**TRY IT**
Without the pictures, copy all of the data exactly.

**MATERIAL PROVIDED**
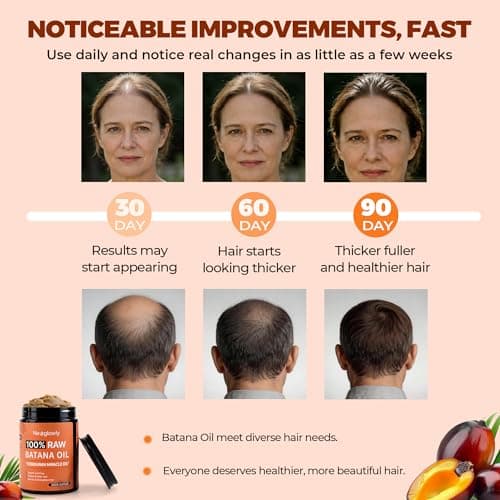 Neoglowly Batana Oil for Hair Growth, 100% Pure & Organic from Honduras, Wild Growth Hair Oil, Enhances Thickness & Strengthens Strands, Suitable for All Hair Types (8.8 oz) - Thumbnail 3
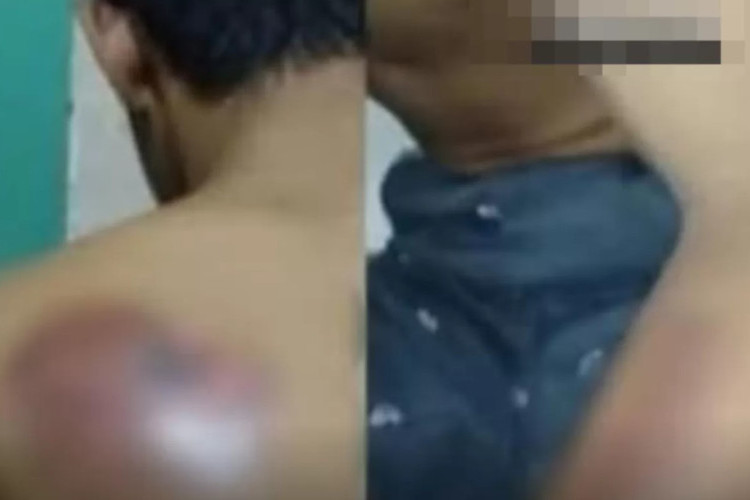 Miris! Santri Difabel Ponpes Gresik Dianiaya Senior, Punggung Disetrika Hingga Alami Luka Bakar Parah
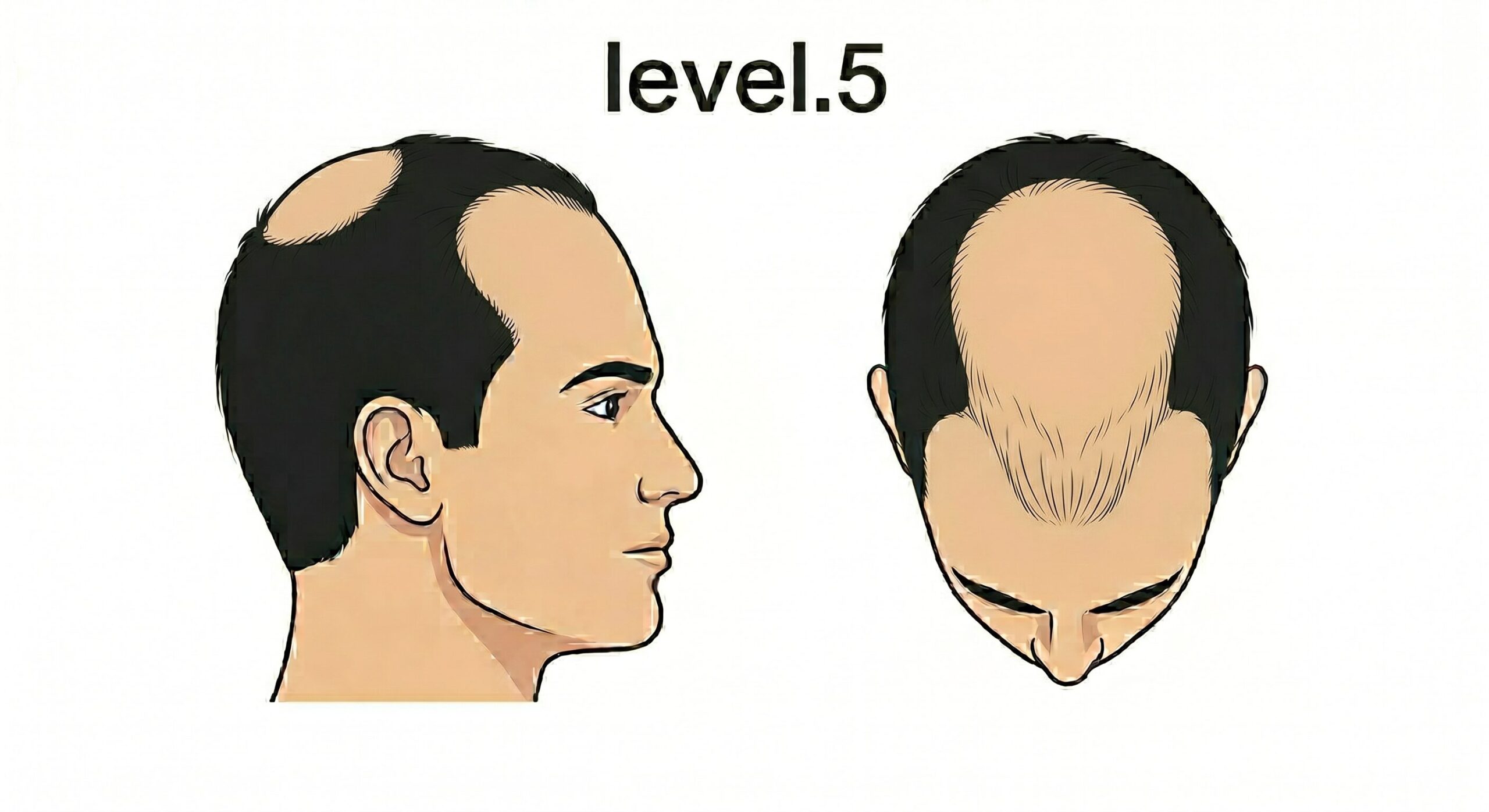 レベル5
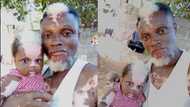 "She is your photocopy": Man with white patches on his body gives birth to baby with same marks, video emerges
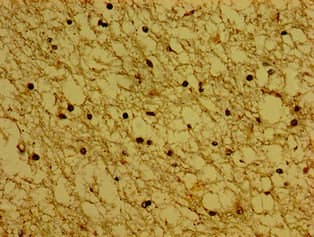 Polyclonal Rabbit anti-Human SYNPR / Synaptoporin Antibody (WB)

**WRITTEN REPLY**
 Neoglowly Batana Oil for Hair Growth, 100% Pure & Organic from Honduras, Wild Growth Hair Oil, Enhances Thickness & Strengthens Strands, Suitable for All Hair Types (8.8 oz) - Thumbnail 3
 Miris! Santri Difabel Ponpes Gresik Dianiaya Senior, Punggung Disetrika Hingga Alami Luka Bakar Parah
 レベル5
 "She is your photocopy": Man with white patches on his body gives birth to baby with same marks, video emerges
 Polyclonal Rabbit anti-Human SYNPR / Synaptoporin Antibody (WB)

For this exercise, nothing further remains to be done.